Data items
####
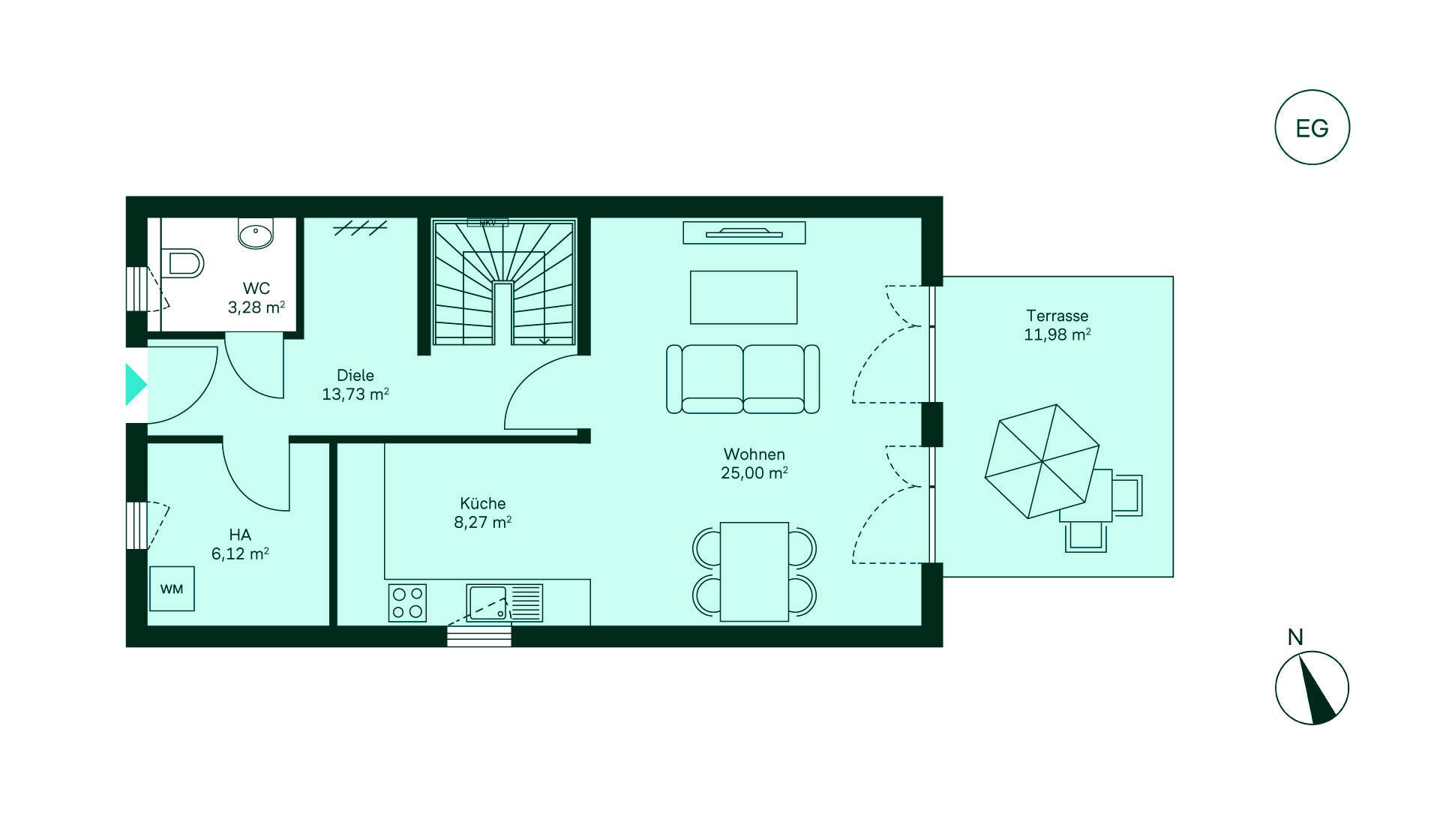 Grundriss des Erdgeschosses im Doppelhaus im Neubauprojekt Wohnen im Ritterschlag 3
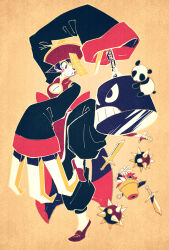 Rule 34 | 1girl, arm up, chinese clothes, claws, cleavage cutout, closed mouth, clothing cutout, dagger, darkstalkers, full body, hat, hsien-ko, jiangshi, knife, leg up, limited palette, ofuda, ofuda on head, panda, plant, potted plant, qingdai guanmao, red eyes, shoes, short hair, sleeves past fingers, sleeves past wrists, weapon, yuza
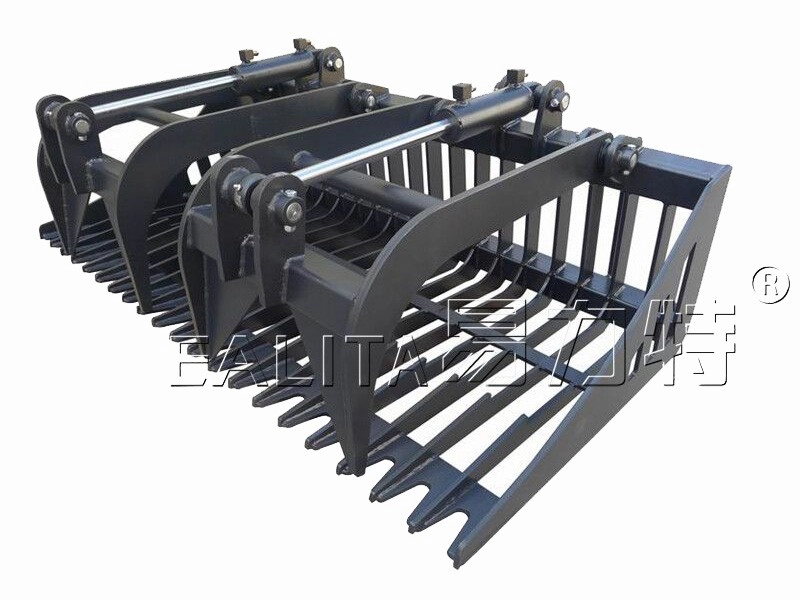 72″ Heavy Duty Dual Cylinder Root Rake Grapple Attachment Fits Skid Steer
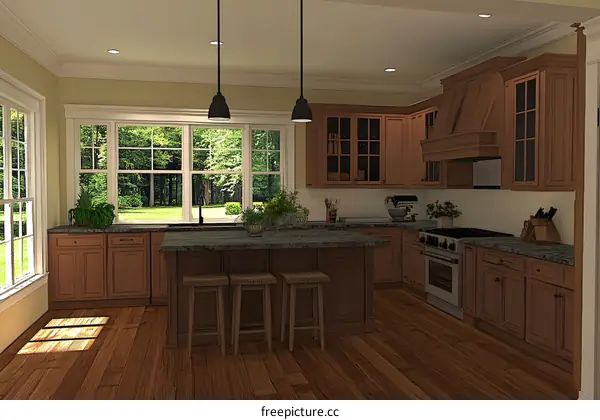 Modern Kitchen Interior Design With Wooden Cabinets and Granite Countertops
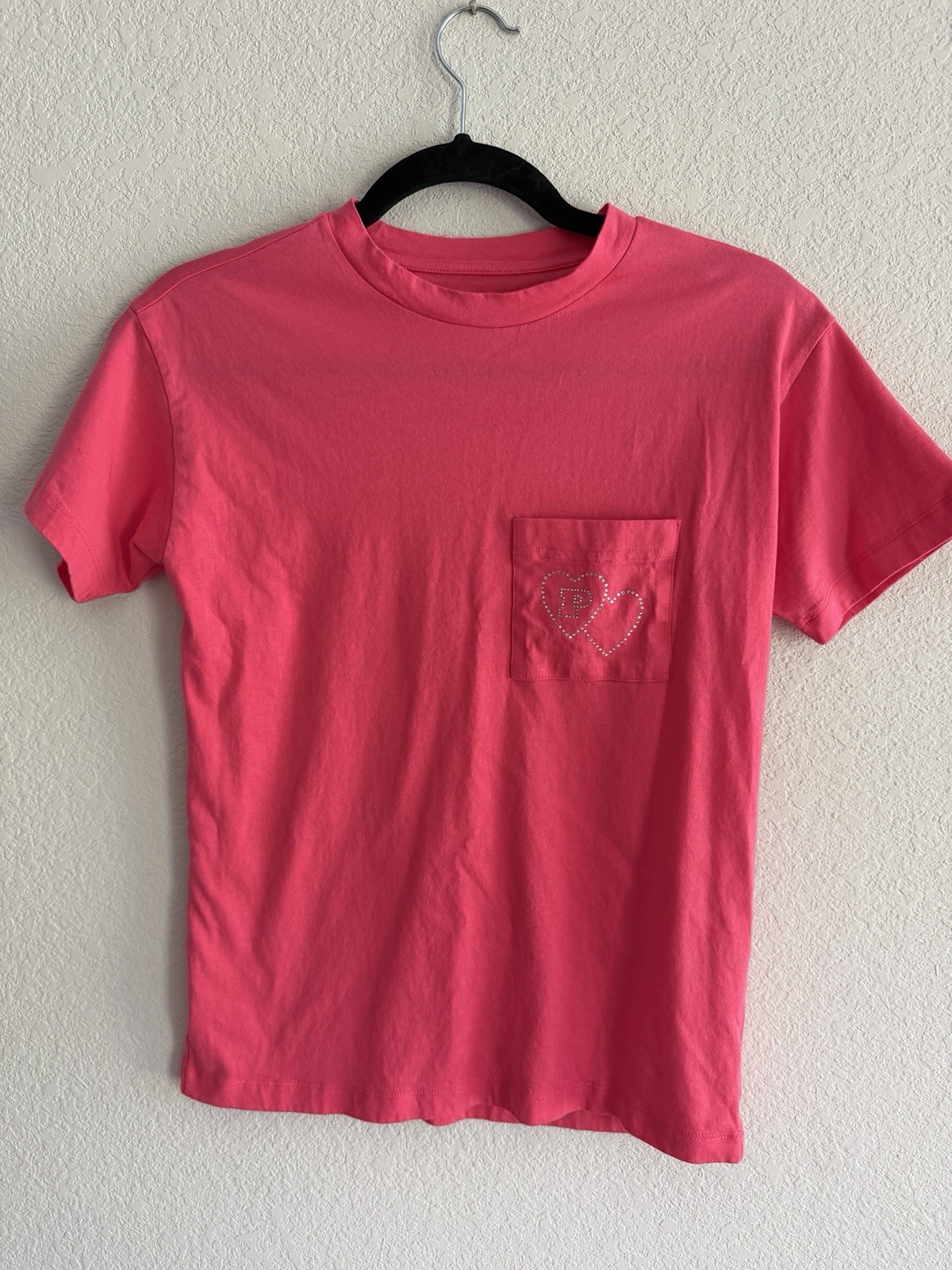 Victoria’s Secret PINK Perfect Cotten Tee ~ Double Bubble Heart Bling ~XS~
####
INSTRUCTIONS TO FOLLOW: Please repeat every record exactly as it stands, leaving out any pictures.

ANSWER BOX:
 Grundriss des Erdgeschosses im Doppelhaus im Neubauprojekt Wohnen im Ritterschlag 3
 Rule 34 | 1girl, arm up, chinese clothes, claws, cleavage cutout, closed mouth, clothing cutout, dagger, darkstalkers, full body, hat, hsien-ko, jiangshi, knife, leg up, limited palette, ofuda, ofuda on head, panda, plant, potted plant, qingdai guanmao, red eyes, shoes, short hair, sleeves past fingers, sleeves past wrists, weapon, yuza
 72″ Heavy Duty Dual Cylinder Root Rake Grapple Attachment Fits Skid Steer
 Modern Kitchen Interior Design With Wooden Cabinets and Granite Countertops
 Victoria’s Secret PINK Perfect Cotten Tee ~ Double Bubble Heart Bling ~XS~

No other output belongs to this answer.